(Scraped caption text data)
* * * * *

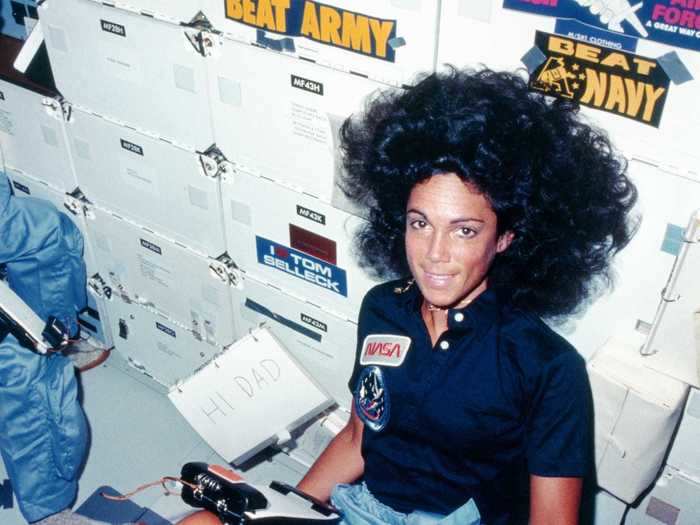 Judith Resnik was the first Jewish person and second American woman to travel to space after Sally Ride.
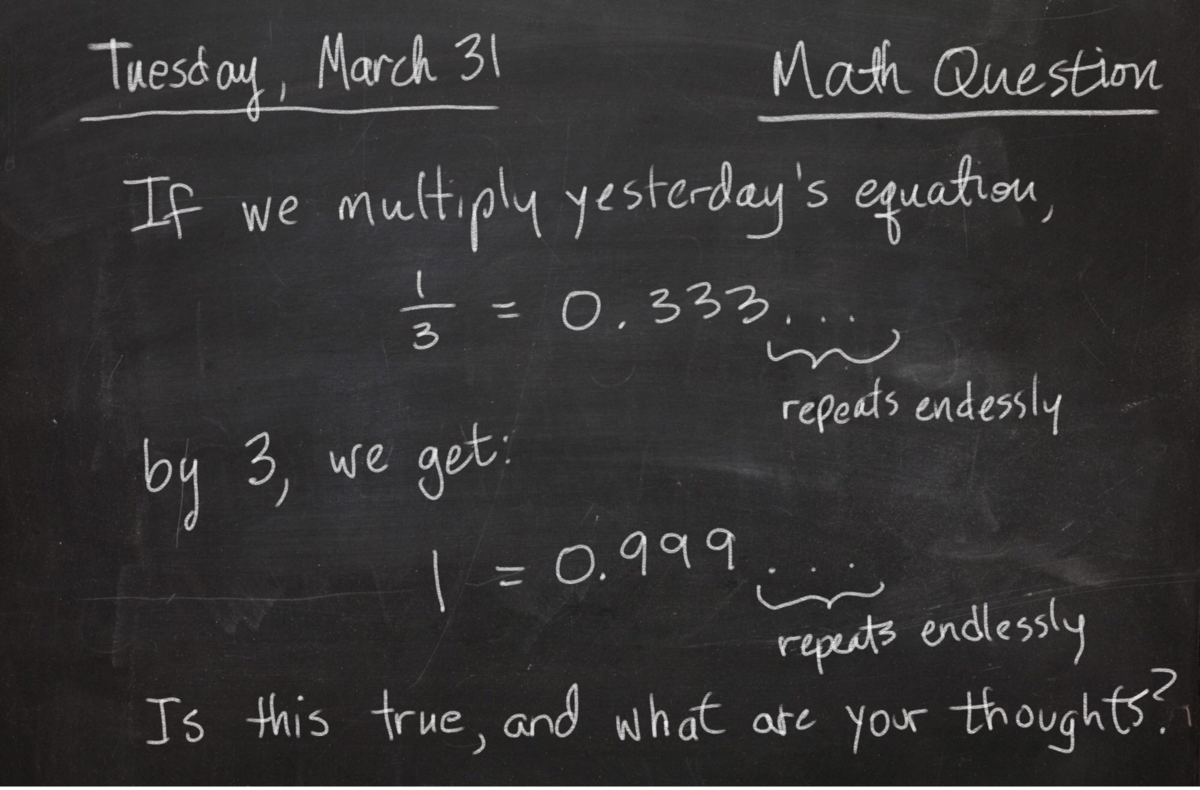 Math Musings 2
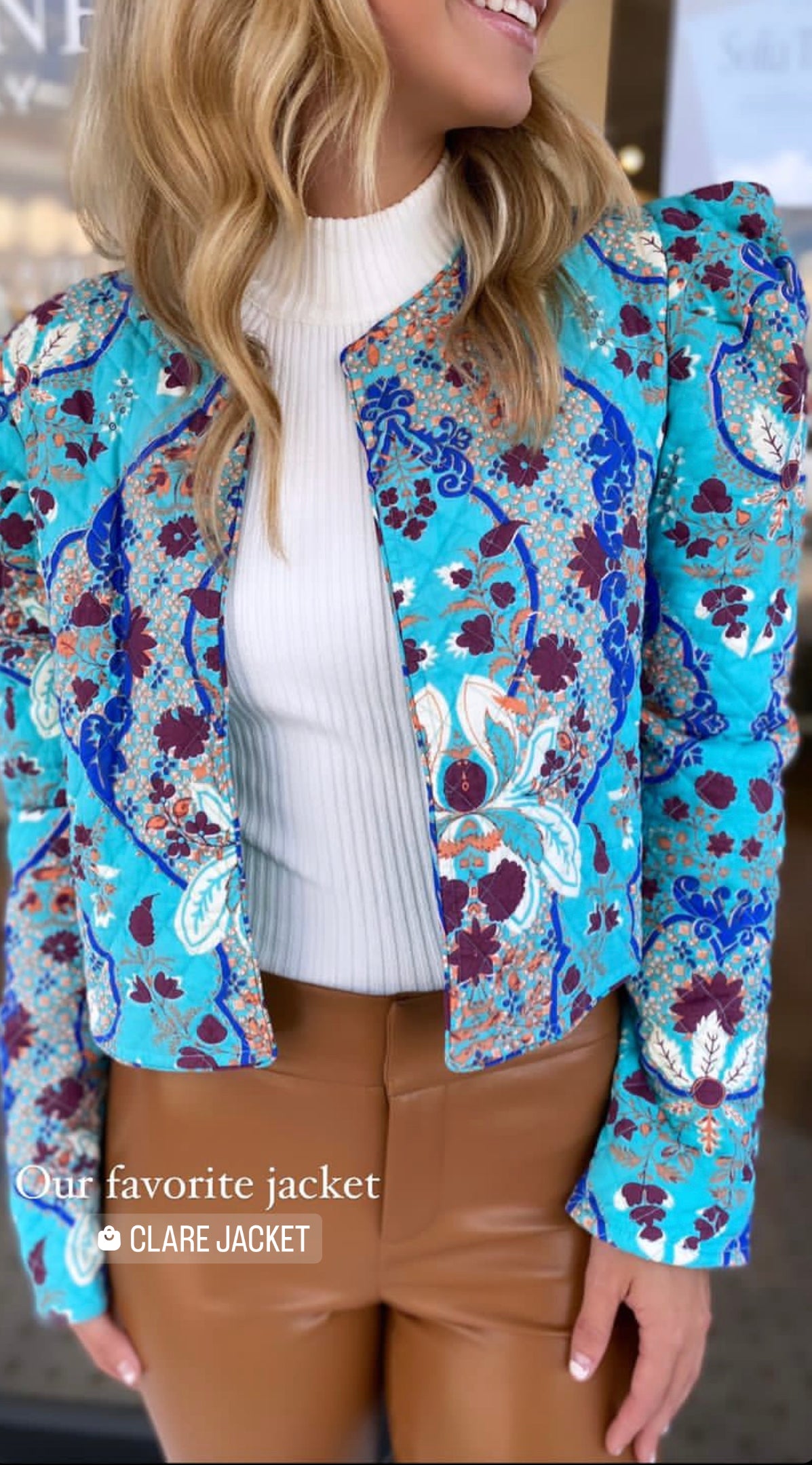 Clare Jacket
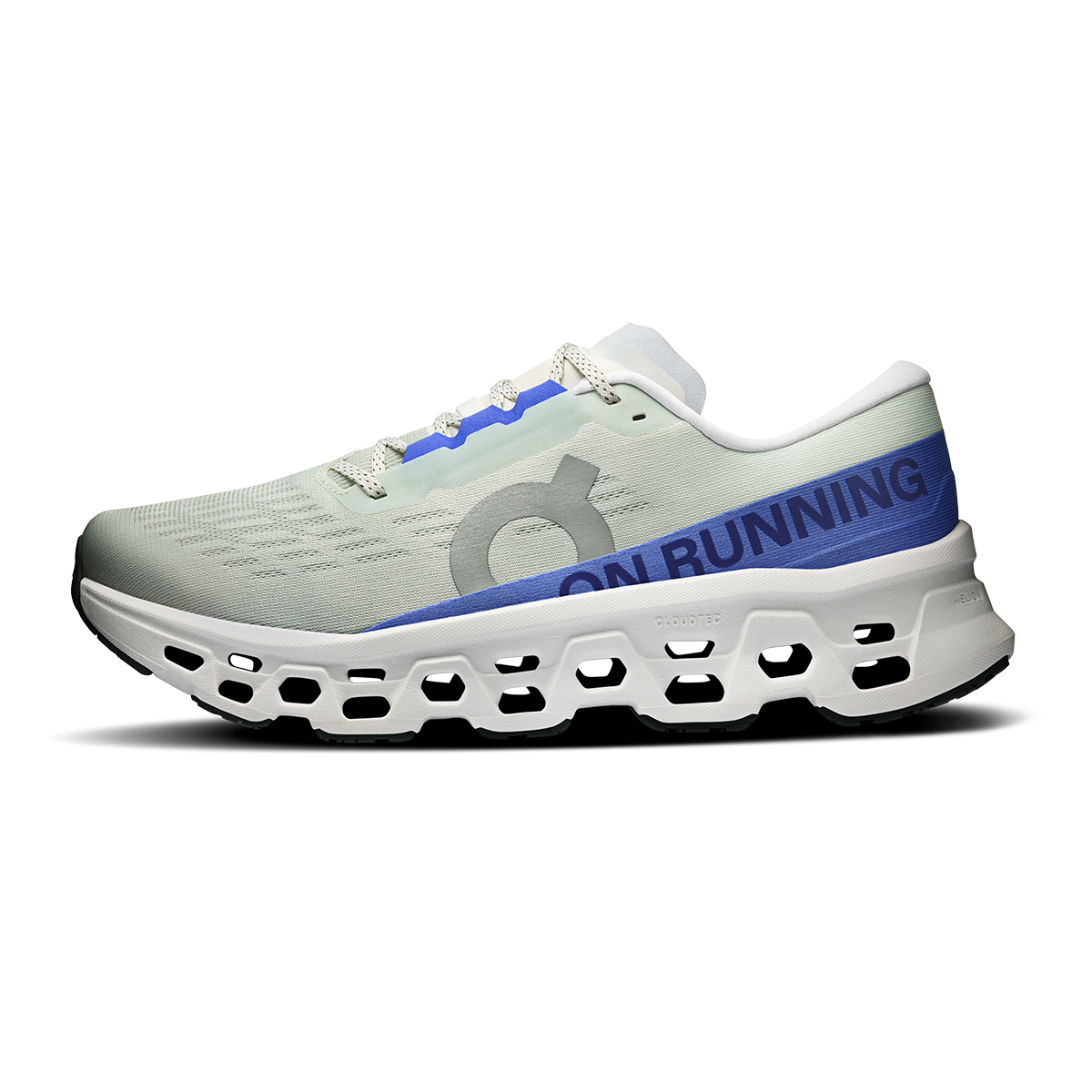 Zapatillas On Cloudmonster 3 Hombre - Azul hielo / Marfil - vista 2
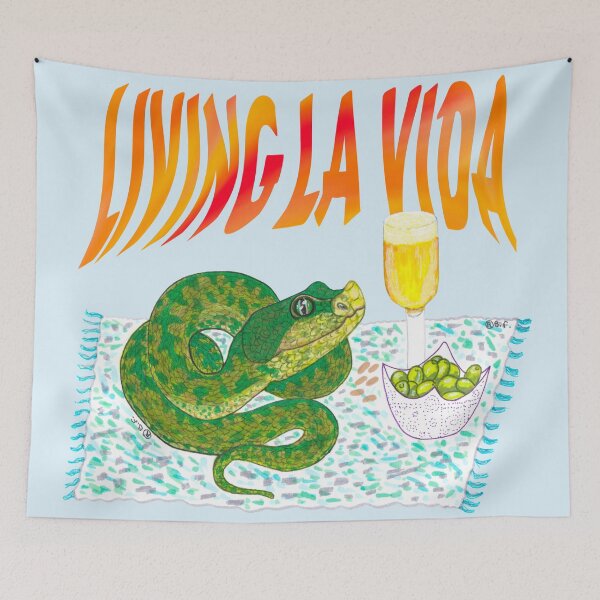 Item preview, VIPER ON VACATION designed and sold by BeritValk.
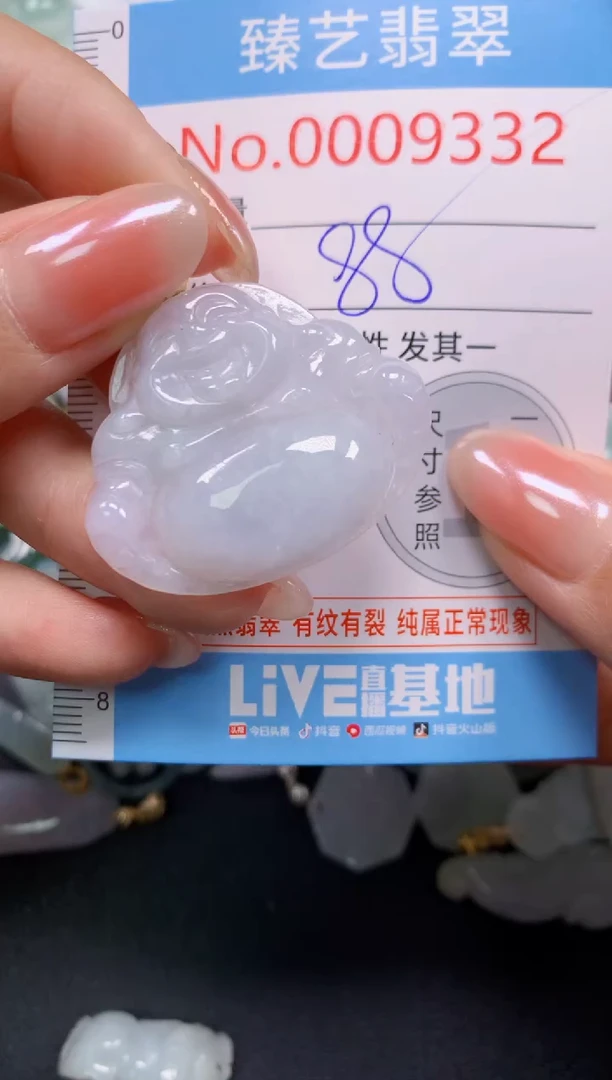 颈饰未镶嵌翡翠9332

* * * * *

— What to produce —
Reproduce exactly, and only, the part of the entries above that runs from the line with "Item preview, VIPER" to the last line, both included. Pictures stay out.

— Task solution —
 Item preview, VIPER ON VACATION designed and sold by BeritValk.
 颈饰未镶嵌翡翠9332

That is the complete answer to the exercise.